TRY IT
Run through the records and, wherever a line holds the word "Heavy", return that line.

DATA FOR THE TASK
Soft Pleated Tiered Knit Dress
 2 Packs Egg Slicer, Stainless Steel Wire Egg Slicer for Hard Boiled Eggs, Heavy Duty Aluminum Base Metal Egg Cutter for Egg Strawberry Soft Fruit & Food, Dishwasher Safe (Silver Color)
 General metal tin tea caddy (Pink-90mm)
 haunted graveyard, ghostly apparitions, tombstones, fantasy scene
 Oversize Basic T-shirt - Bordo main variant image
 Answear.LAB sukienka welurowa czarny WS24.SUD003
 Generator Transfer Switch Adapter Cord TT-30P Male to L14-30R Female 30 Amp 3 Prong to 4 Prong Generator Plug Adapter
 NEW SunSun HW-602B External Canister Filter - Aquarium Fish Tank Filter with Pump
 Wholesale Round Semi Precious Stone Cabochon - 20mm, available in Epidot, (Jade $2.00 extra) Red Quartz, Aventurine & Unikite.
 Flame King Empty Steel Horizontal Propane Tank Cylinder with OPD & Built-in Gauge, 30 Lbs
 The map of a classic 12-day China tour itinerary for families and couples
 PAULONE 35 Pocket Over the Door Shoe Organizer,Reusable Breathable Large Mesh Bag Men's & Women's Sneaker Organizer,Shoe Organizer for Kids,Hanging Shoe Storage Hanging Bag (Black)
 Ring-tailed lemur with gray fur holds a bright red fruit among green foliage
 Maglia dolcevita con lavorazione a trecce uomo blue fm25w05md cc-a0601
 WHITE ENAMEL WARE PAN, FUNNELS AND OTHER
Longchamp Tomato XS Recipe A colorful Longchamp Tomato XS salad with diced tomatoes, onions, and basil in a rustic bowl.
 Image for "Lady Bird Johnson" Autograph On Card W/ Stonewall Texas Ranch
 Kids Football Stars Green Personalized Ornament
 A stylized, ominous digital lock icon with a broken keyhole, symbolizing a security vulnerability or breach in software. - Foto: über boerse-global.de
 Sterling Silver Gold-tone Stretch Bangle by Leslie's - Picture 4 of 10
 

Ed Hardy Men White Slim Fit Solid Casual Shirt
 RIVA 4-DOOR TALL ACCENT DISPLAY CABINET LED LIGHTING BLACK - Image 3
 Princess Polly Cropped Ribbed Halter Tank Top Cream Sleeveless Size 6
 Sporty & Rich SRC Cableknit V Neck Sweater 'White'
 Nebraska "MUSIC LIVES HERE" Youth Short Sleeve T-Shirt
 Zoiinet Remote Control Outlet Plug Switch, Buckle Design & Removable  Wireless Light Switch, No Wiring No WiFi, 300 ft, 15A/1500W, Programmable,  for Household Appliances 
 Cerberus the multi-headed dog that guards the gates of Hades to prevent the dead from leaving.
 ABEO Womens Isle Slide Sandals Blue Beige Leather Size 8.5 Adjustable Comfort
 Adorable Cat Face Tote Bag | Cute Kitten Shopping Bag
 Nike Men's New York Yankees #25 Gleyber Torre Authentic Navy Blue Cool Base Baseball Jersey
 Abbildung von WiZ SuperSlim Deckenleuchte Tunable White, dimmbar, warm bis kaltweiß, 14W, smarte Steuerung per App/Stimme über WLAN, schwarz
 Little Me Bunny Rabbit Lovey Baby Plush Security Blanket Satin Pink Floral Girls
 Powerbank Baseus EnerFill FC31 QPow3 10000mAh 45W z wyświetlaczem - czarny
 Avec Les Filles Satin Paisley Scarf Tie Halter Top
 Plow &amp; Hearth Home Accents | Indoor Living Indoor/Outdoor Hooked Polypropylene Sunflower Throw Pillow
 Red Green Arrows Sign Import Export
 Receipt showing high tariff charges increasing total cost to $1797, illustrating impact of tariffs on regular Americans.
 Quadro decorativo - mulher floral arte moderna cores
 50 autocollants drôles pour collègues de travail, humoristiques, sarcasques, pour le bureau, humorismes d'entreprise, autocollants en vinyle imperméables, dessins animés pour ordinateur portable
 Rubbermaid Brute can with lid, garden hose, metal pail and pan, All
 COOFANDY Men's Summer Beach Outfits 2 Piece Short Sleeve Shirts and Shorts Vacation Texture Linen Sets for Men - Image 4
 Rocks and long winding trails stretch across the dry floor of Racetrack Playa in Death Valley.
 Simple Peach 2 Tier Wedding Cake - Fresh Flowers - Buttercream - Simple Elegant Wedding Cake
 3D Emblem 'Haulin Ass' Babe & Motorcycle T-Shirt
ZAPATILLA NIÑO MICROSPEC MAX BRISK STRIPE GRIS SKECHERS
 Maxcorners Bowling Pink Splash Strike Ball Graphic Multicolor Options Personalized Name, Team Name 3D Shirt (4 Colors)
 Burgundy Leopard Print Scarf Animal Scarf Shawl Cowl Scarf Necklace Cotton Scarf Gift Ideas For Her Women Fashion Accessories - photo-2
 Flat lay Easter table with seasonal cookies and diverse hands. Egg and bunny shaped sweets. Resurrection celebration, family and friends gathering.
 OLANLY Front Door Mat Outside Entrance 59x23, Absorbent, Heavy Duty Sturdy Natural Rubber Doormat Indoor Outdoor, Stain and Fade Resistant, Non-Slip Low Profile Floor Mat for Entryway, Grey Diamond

SOLUTION FOR THIS TASK
 2 Packs Egg Slicer, Stainless Steel Wire Egg Slicer for Hard Boiled Eggs, Heavy Duty Aluminum Base Metal Egg Cutter for Egg Strawberry Soft Fruit & Food, Dishwasher Safe (Silver Color)
 OLANLY Front Door Mat Outside Entrance 59x23, Absorbent, Heavy Duty Sturdy Natural Rubber Doormat Indoor Outdoor, Stain and Fade Resistant, Non-Slip Low Profile Floor Mat for Entryway, Grey Diamond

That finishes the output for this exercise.